A coalition of environmental groups is suing the state to force Mr. Murphy to comply with the ambitious climate change rules he ordered as part of a 2019 law. “A poster boy for actions that don’t live up to the rhetoric,” said David Pringle, leader of the coalition.
And residents of communities as disparate as Jersey City, Newark and Gibbstown in the state’s rural southwest are furious that Mr. Murphy for widening the freeway near New York City and failing to stop six new fossil fuel projects, which are expected to worsen air quality in minority communities already burdened by pollution.
“The governor has a lot of words for environmental justice, but he doesn’t really show leadership on behalf of our community,” said Maria López-Nuñez, who lives in Newark and is fighting to block the construction of a backup power plant in the city’s Ironbound. neighborhood.

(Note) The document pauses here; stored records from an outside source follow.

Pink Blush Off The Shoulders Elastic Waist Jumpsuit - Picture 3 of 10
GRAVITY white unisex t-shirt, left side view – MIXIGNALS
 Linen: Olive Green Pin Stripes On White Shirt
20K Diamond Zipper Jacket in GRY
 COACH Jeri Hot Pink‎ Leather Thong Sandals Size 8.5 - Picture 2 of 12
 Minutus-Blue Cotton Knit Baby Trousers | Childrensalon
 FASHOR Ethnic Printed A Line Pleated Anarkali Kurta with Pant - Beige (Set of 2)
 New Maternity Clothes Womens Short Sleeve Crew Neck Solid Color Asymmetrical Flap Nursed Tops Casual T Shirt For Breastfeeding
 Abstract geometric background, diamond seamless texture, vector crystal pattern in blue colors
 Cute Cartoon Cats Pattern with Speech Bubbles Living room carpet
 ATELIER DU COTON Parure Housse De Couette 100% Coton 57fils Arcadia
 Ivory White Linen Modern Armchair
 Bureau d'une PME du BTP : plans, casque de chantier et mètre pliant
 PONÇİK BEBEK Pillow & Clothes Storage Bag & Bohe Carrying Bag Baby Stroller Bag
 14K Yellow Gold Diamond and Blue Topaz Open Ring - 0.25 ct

Ms. Lopez-Nuñez is also a member of the Biden White House Environmental Justice Advisory Council.
“I would love to encourage the governor,” he said. “But I need to see the work.”
A spokesman for Mr. Murphy, Mahen Gunaratna, said some opposition was expected, especially after a first term in which Mr. Murphy kept so many of the campaign promises that endeared him to his progressive base. His second-term priorities are closer to the center.
At least part of his change in tone is tied to November’s legislative races. Democratic leaders who control the state legislature remain uneasy about losing seven seats in 2021, and Republicans believe they are within striking distance of regaining control of the majority, an outcome that would undermine the legacy of Mr. Murphy.
A January poll by Monmouth University suggested that the popularity of Mr. Murphy was steady at 52 percent. But less than a third of those polled said he would make a good president.
Only one New Jersey governor has been elected president: Woodrow Wilson, whose memory is now so tainted by his racist policies that Princeton removed his name from its school of public and international affairs.
Other New Jersey luminaries have also had designs on the White House in recent years: Sen. Bill Bradley was eclipsed in the 2000 Democratic primary by Mr. Gore; Gov. Chris Christie ended his 2016 campaign before endorsing Mr. Trump; and Sen. Cory Booker withdrew from the latest presidential contest after a yearlong campaign.
Mr. Booker, 53, a Democrat and former mayor of Newark, appears to be keeping his options as open as Mr. Murphy. “I’m not running in ’24 if Joe Biden runs,” Mr. Booker said in a recent television interview.
“My goal in life is to put more ‘indivisible’ back into this ‘one nation under God,'” he said, adding, “and that’s how we see the future.”
Jennifer Palmieri, a Democratic strategist who was President Barack Obama’s communications director, knows Mr. Murphy since 2005 and considers him a friend. She said she didn’t know what she expected to do next. But, he added, “it doesn’t look like he’s about to.”